• Task objective: Your copy should hold the lines below from the first through the one that contains "Two Fried Chickens", each retyped exactly, and no pictures.

[Available records]

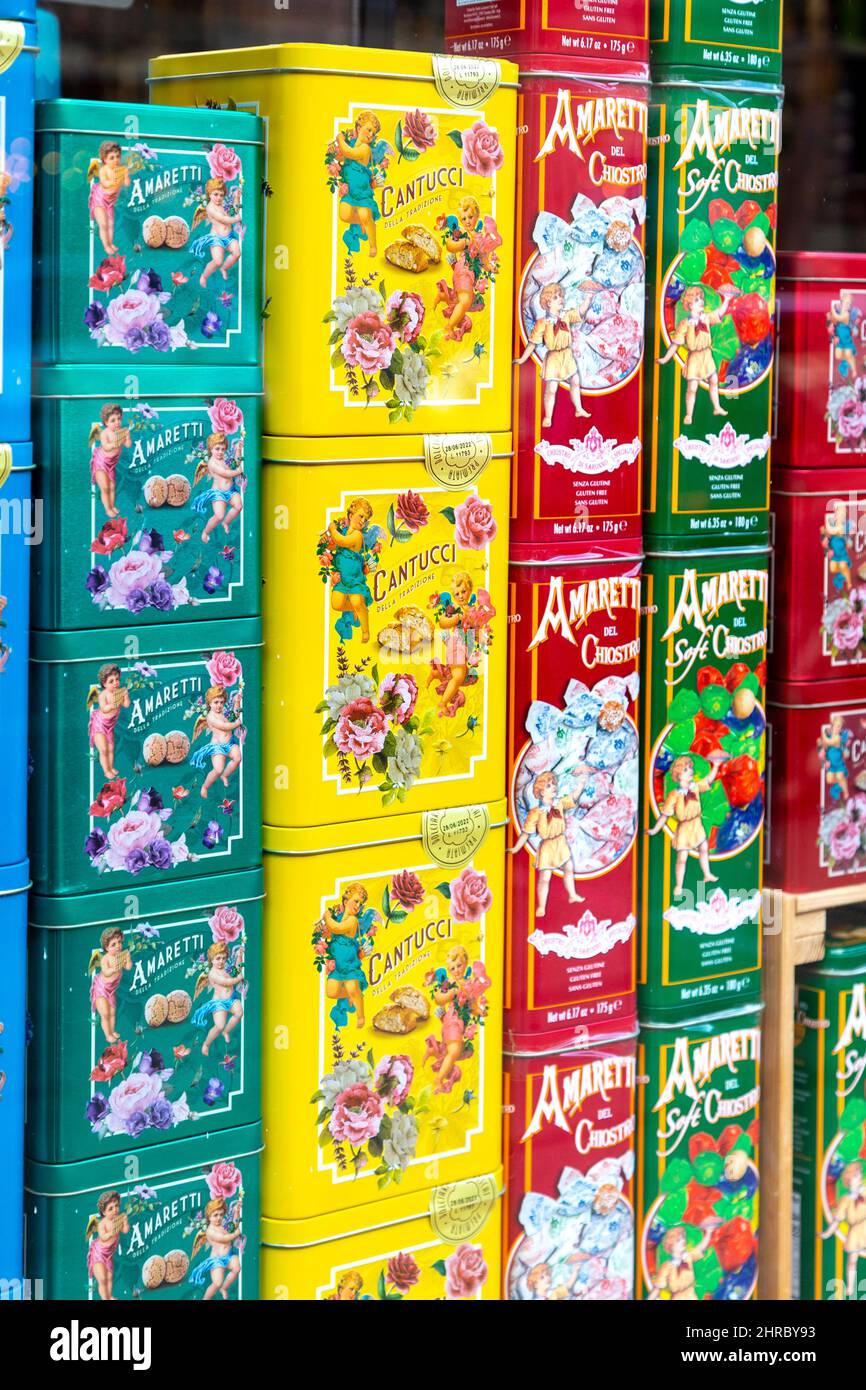 Display of colourful tins with Italian cookies at a deli (The Little Deli, Hitchin, Hertfordshire, UK) Stock Photo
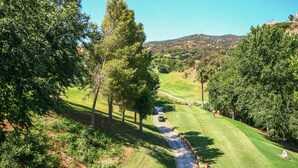 A golf course with a water hazard, trees, and a distant hill. - Awesome apartment in Elviria with WiFi (Elviria)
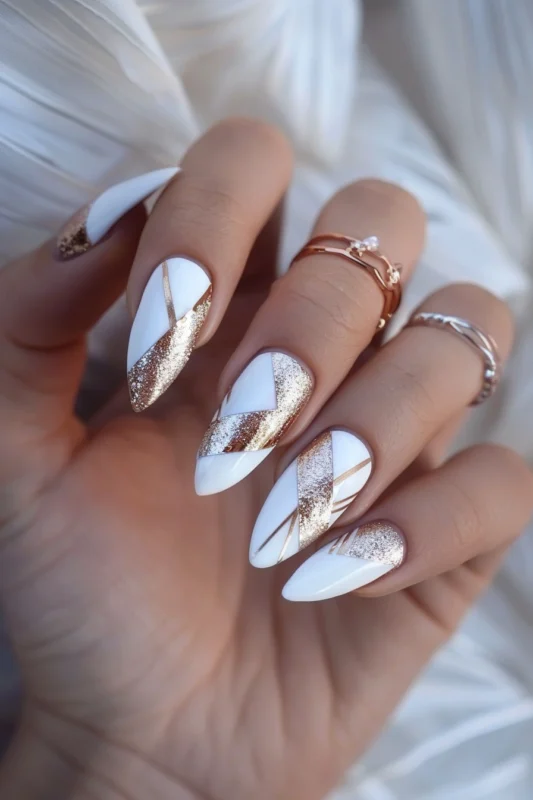 White nails with rose gold geometric patterns and shimmer.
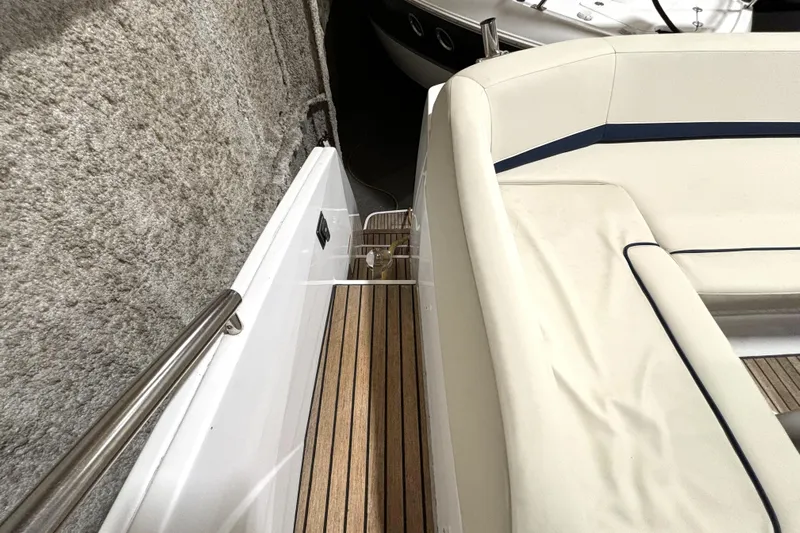  Yacht Photos Pics 2015 Beneteau Gran Turismo 49 yacht interior with white seating and wooden flooring.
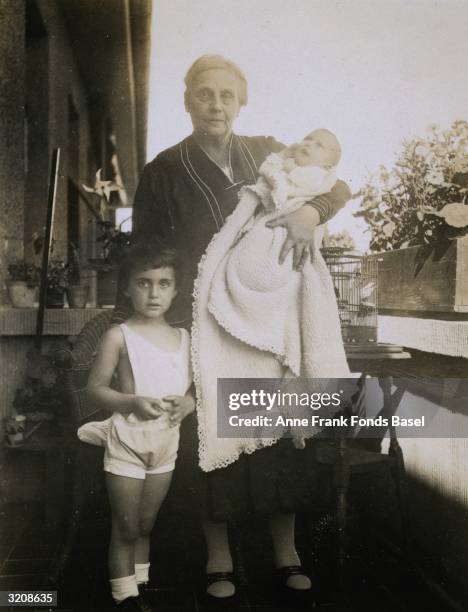 Anne Frank being held by her paternal grandmother Alice Frank-Stern next to her sister Margot Frank on a balcony, Frankfurt am Main, Germany. From...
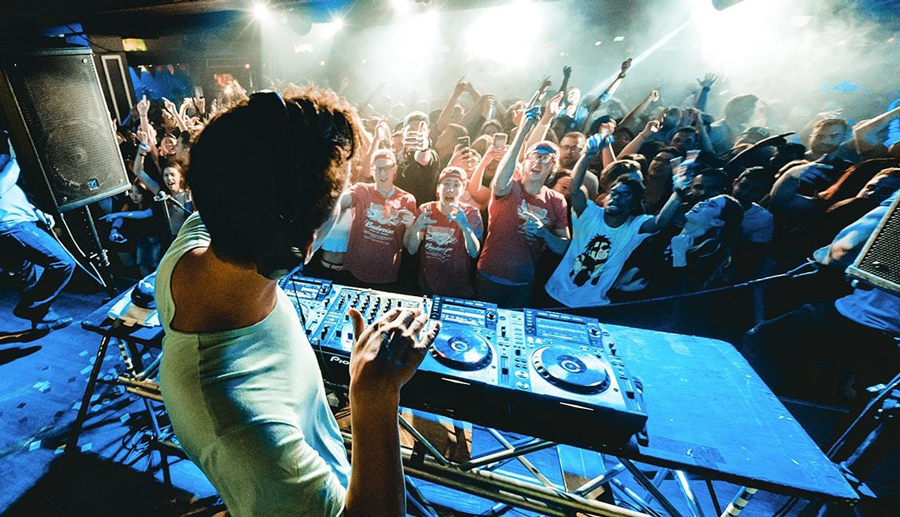 a DJ plays and mixes music for most cheerful people with raised hands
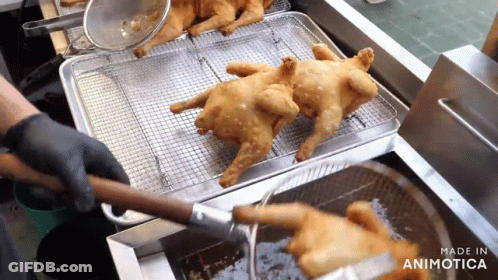Two Fried Chickens Are Being Cooked In A Fryer And The Words Made In Animatica Are Visible GIF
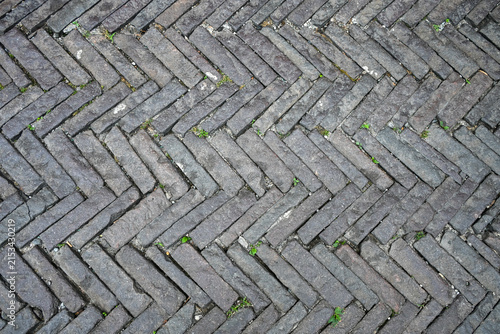 Weathered stone paving arranged in geometric pattern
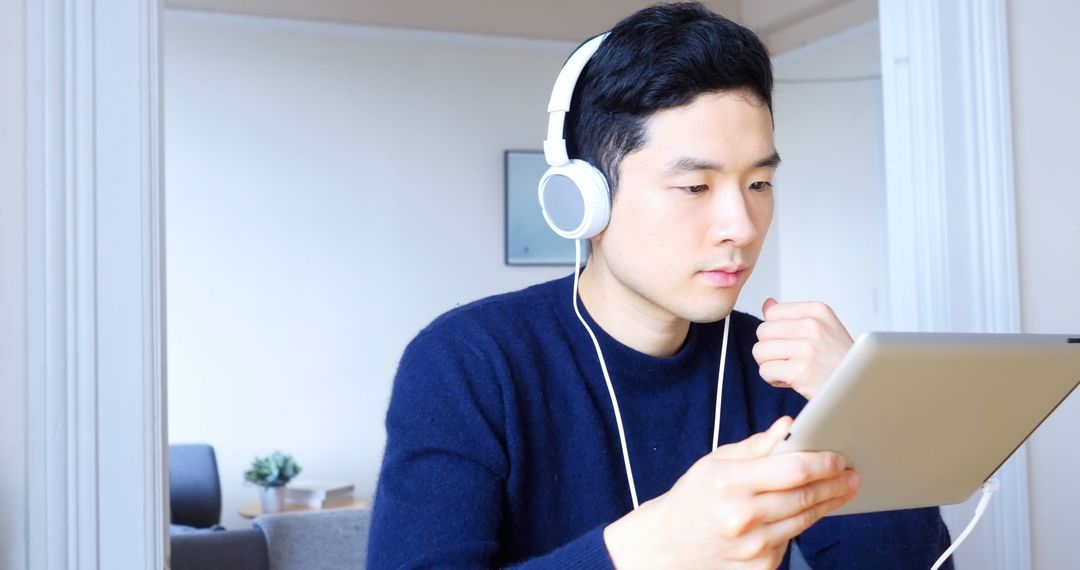 Focused Man Wearing Headphones Using Tablet at Home - Free Images, Stock Photos and Pictures on Pikwizard.com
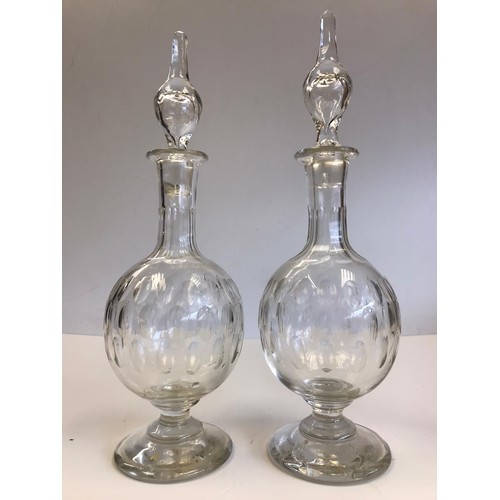 524 - A pair of Georgian hand blown decanters with their original stoppers. One stopper insert is damaged ... 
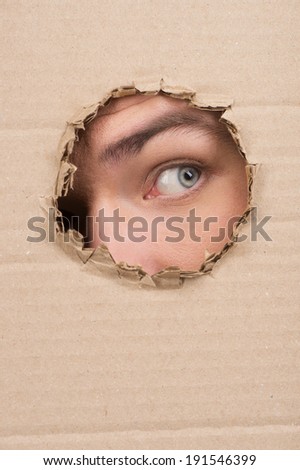 Through the looking hole. Closeup of an eye looking through a hole in a piece of cardboard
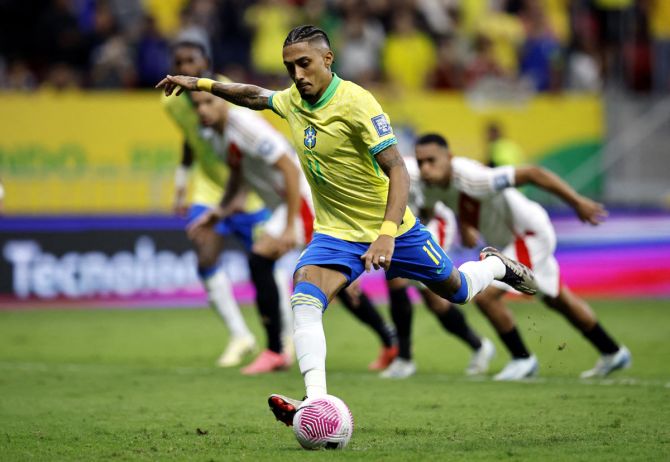 Raphinha scores Brazil's first goal from the penalty spot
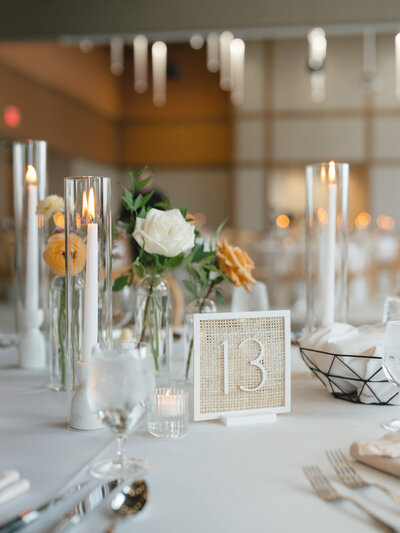 Rattan table number sitting on a wedding tablesetting amongst candles and flowers representing full service design and calligraphy by Life in Letters.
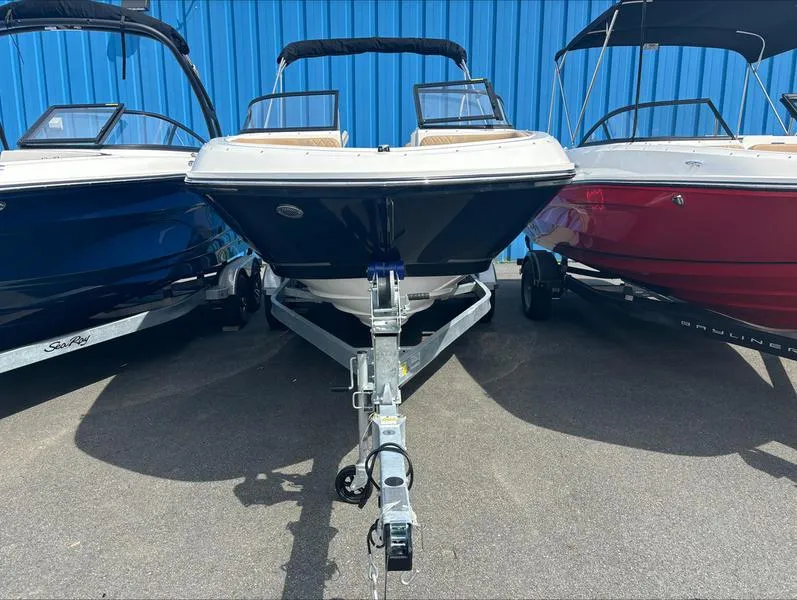 Slide: The Image of 2024 Bayliner VR6 boat on a trailer, flanked by two other boats. - 2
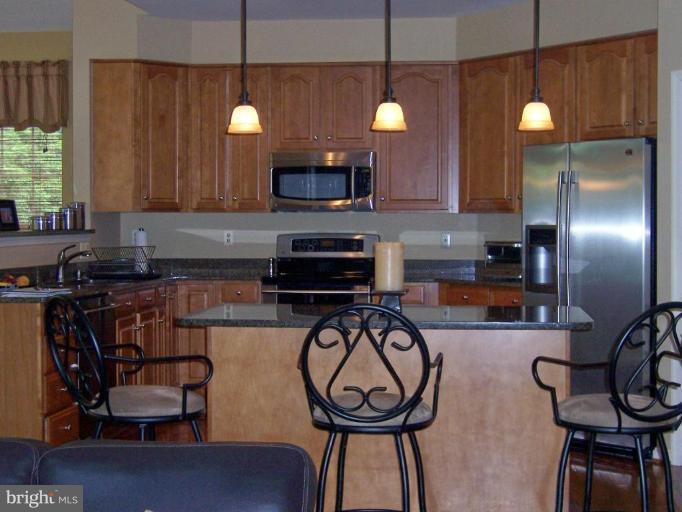 5957 Sandy Ridge Elkridge, MD 21075 - Photo 7 of 30 a kitchen with stainless steel appliances a stove a refrigerator and cabinets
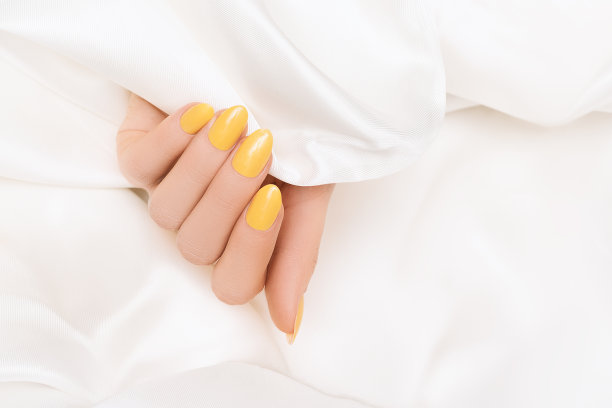 女性手与黄色指甲设计。亮黄色指甲油美甲。女人手在白色的织物背景图片下载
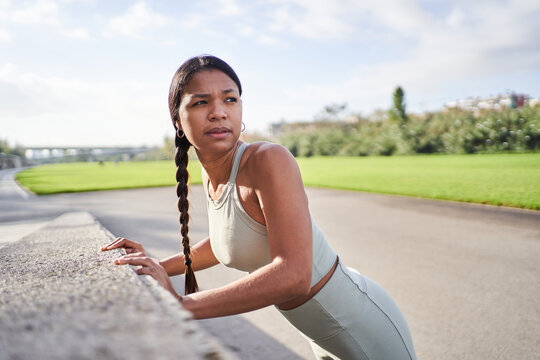 Focused Black Latina athlete leaning against a concrete wall while stretching and looking away in an urban park. Outdoor fitness scene conveying preparation, recovery and concentration.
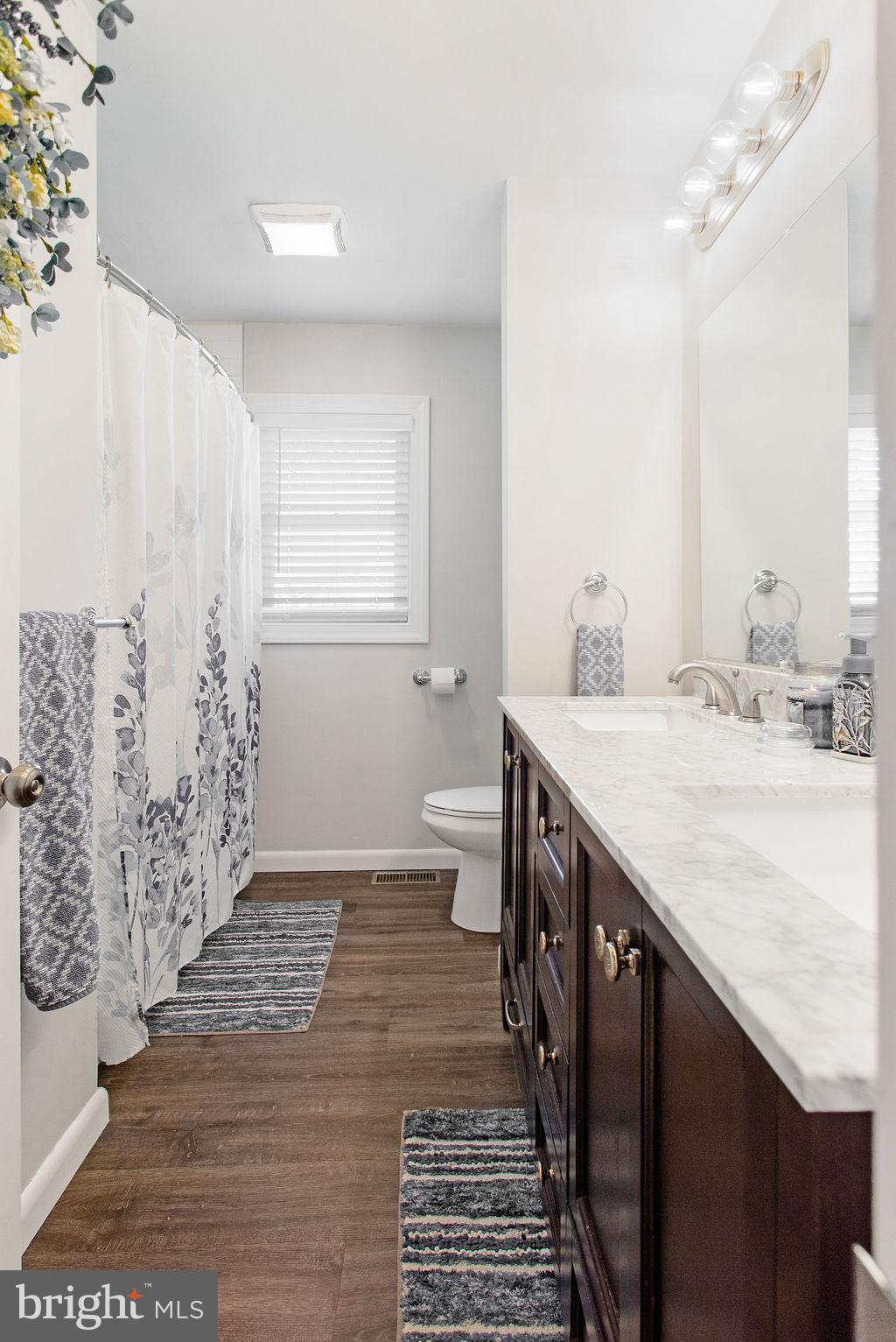 2970 Baltimore Pike Hanover, PA 17331 - Photo 20 of 30 a bathroom with a sink a toilet a mirror and shower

[/Available records]

• Solution for this exercise:
 Display of colourful tins with Italian cookies at a deli (The Little Deli, Hitchin, Hertfordshire, UK) Stock Photo
 A golf course with a water hazard, trees, and a distant hill. - Awesome apartment in Elviria with WiFi (Elviria)
 White nails with rose gold geometric patterns and shimmer.
  Yacht Photos Pics 2015 Beneteau Gran Turismo 49 yacht interior with white seating and wooden flooring.
 Anne Frank being held by her paternal grandmother Alice Frank-Stern next to her sister Margot Frank on a balcony, Frankfurt am Main, Germany. From...
 a DJ plays and mixes music for most cheerful people with raised hands
Two Fried Chickens Are Being Cooked In A Fryer And The Words Made In Animatica Are Visible GIF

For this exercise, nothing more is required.